Yesterday morning I had to pull Madison out of school so that I could take her to a doctor’s appointment. While I was driving to the school to pick her up, I saw a Mercedes Benz with the words “student driver” on the side of the car. What the hell? When I was that age, I think we had a Corolla for a driver’s ed car, which is much a better choice of car if you are going to have students driving up into people’s yards (trust me…it can happen) because it’s much cheaper to repair then a Mercedes.

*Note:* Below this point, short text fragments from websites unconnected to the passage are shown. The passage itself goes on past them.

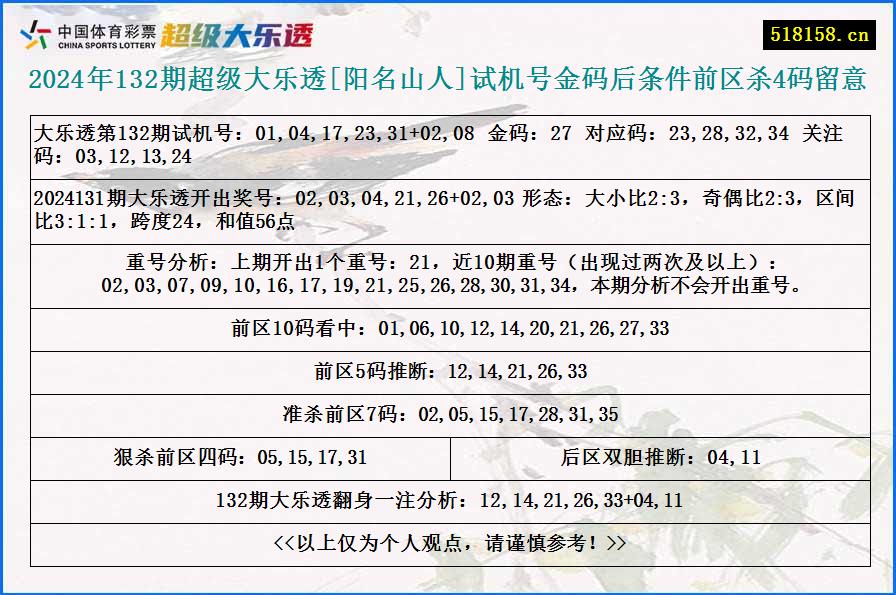 2024年132期超级大乐透[阳名山人]试机号金码后条件前区杀4码留意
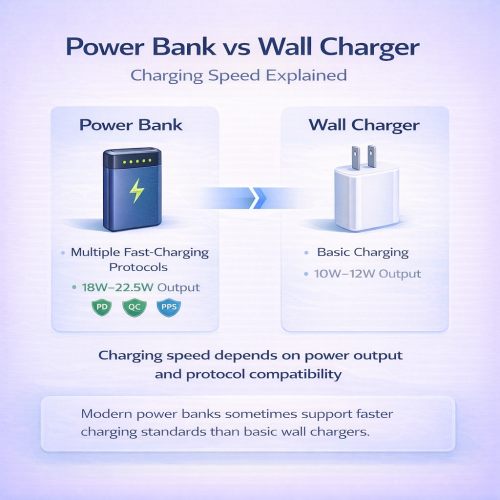 Why Some Power Banks Charge Phones Faster Than Wall Chargers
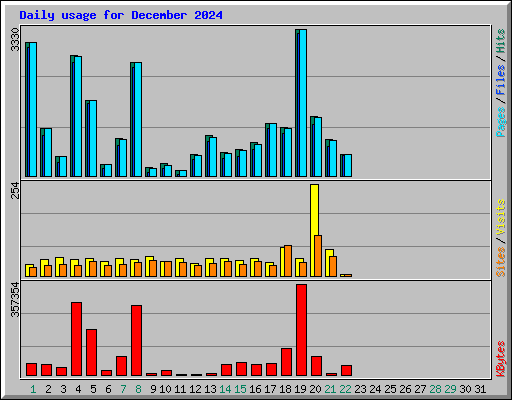 Daily usage for December 2024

If you think having a Mercedes for a driver’s education car is bad, you should see the high school parking lot. Who buys their sixteen year old a BMW? Apparently most of the parents at Madison’s future high school do! The high school parking lot looks like an ad for a luxury car lot. When I was sixteen, my parents bought me an Oldsmobile Omega. Yes, my first car was a big, brown, four-door tank whose sole purpose was to keep me safe in any accident. It was a looker. However, you could pile up at least seven people in that car and you could start it without the key. It even had a nice size trunk where we could store those unsightly “butt people” that we would “borrow” (I swear we put them back) from people’s yards. Oh, what fond memories I have of that car.
Madison always talks about what kind of car that she might someday have. She’s thinking corvettes and really slick nice cars. Rick and I are thinking “1999 Honda CRV” or aka “the dog car”. I told her that I would even clean up the dog snot off of the back windows and shine the car up real good. She’s not too candid on this subject. Why is it that you are so concerned with having nice cars, name brand clothes, and looking perfect at that age and by the time you get to my age, you just don’t give a crap anymore?

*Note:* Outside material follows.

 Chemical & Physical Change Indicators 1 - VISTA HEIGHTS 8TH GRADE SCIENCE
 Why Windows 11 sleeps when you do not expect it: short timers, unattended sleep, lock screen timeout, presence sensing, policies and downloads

I remember those days when I wouldn’t walk out the door without every hair glued perfectly in place (the wind would blow and my hair would go up and yet come back down in one piece) and makeup caked on. Now I’m lucky if I’m wearing matching socks and I don’t have holes in the armpits of my shirts. Madison often looks at me mortified and exclaims “You’re not going out looking like that are you?” Oh well….it’s a good thing that I love myself.